Multivariate analysis in itself is a toolbox. SEM and the related tools for it should always be selected due to a data driven and context specific need. Vendors and specific titles themselves will always change and can be bought or consolidated. Unless the argument of tool selection is driven by parameter estimation needs or algorithmic peculiarities, tool selection is going to be personal preference. The concern with this approach is that as young researchers change institutions there is not a guarantee that the software licensing available at one instruction will be at another.

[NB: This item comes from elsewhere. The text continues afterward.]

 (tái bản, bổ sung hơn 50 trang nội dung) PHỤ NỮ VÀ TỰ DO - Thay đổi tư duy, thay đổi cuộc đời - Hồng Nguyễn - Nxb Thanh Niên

I currently use AMOS for smaller covariance-based SEM models and LISREL for larger more complex models. I use SmartPLS for all of my variance based SEM. Like any other tool it is context and data specific. I urge people not to fall in love with a specific SEM package and instead understand that they are all just tools.
Stata does pretty much everything that AMOS can do (including the fancy interface, https://www.youtube.com/watch?v=Xj0gBlqwYHI), and most of what MPlus can do except for the more exotic models like latent growth + latent class models, but for the price you are getting a fully integrated package with data management, graphics, and all of other statistics (including biostat, econometrics and survey statistics). Stata 12 was a basic SEM for continuous variables; Stata 13 came in MUCH strengthened with generalized multilevel SEM (binary and ordinal responses, https://www.youtube.com/watch?v=CjsvhOl4ZAw). I would reasonably expect that Stata Corp. will continue developing their capabilities. And if you are still not able to fit a weird multilevel SEM with Stata 13's "gsem" command, there's always "gllamm" as the fallback option (as it has been for the past 10+ years).
If I did not know Stata so well before coming into the SEM area, I would probably be using lavaan in R as one of their developer is a good friend of mine, so I can get a discount on tech support :).